To bulk upload multiple new users in one go, click the ‘Import/Export’ button, select ‘Import Users Via CSV’, and then click ‘Browse CSV File’ to upload your user’s details in a CSV file from your computer. A sample CSV format is shown in this section for your convenience.
You can add your new users to existing groups by clicking ‘Choose Default Group’ and selecting a group from the drop-down options.
Finally, newly added users will receive an email inviting them to log into Fluix
Here is how to view user information in your Fluix account.
To view user information, click ‘Configuration’, and then select ‘Users’ from the sub-menu that opens on the left side of your screen.
You’ll now see an overview of all of the users in your Fluix account. You can filter users by those who have logged into Fluix in the past 24 hours, over a month ago, or those who haven’t ever logged in.
For those who haven’t yet logged into Fluix, you can resend an invitation email by selecting the user from the list of user names and clicking ‘Resend invite’.

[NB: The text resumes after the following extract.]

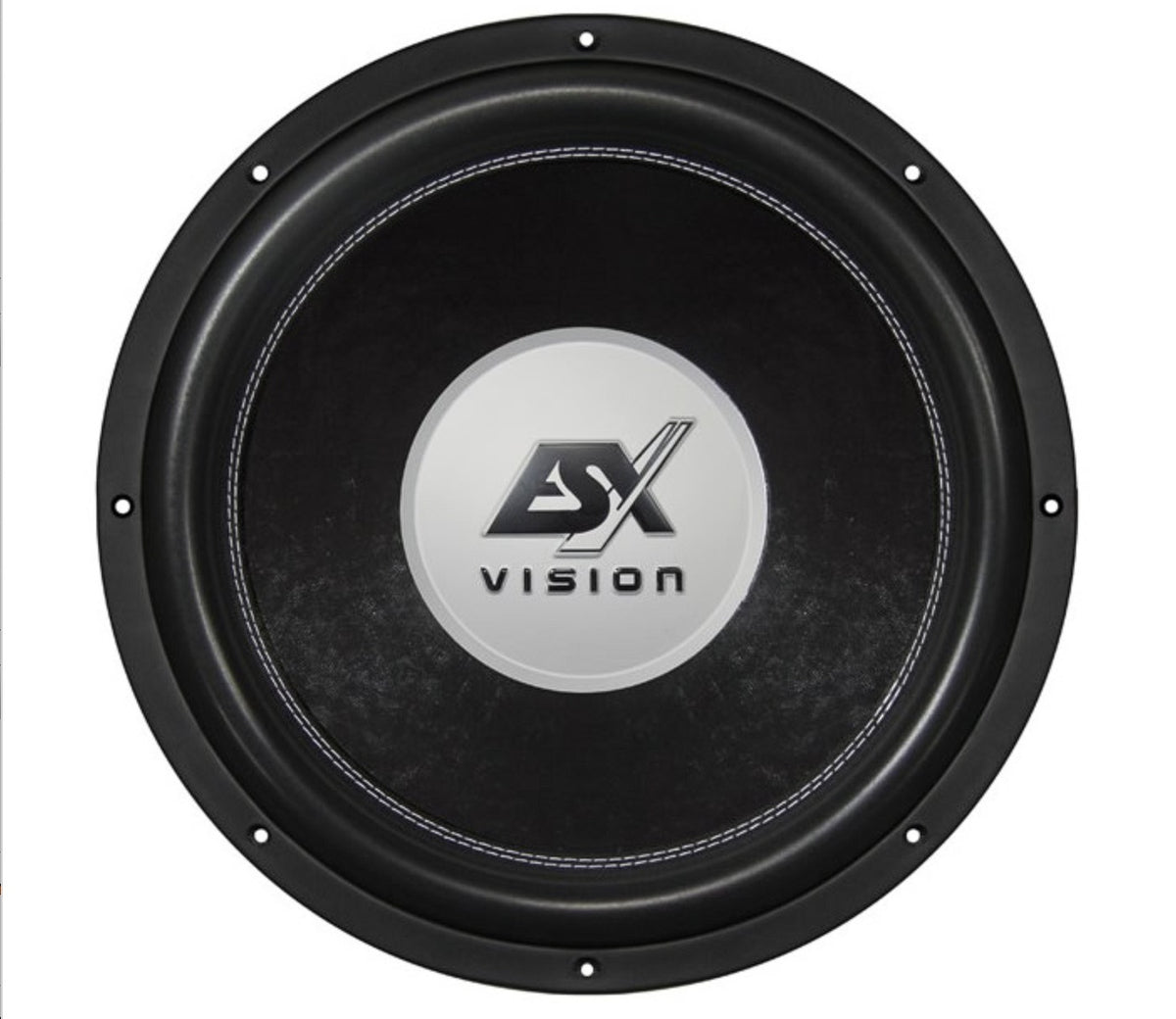 ESX Vision VE1522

You can also use filters to see the users who are running an outdated version of the Fluix app on their devices. Selecting a user will allow you to edit their details, add them to a group, or delete them from the Fluix account.

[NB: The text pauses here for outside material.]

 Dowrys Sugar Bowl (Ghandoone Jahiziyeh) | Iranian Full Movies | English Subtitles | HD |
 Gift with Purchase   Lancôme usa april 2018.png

Clicking on a user’s name will open a detailed view of their details, activity and the status of documents they’re working with. Here you can reset their password, manage their group and workflow memberships, see which devices they have connected to Fluix and log them out of any device in the list. You can also delete the user by clicking ‘Delete this user’.

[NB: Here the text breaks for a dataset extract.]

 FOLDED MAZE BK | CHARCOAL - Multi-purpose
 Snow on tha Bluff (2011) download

Selecting ‘User activity’ from the sub-menu will show the user’s last login date, the device they logged in from, and all of the actions made by the user in Fluix.
If a user has an admin role in Fluix, you will be able to check and edit their access rights in the Role Permissions sub-menu.
The ‘Document Status’ sub-menu option shows all of the documents that this user has worked on, as well as their current status.
Back in the main user list view, if you need to you can export the entire list of users in your Fluix Account, select all users and then click ‘export to CSV’ to download the list of users, groups they participate in and last login date.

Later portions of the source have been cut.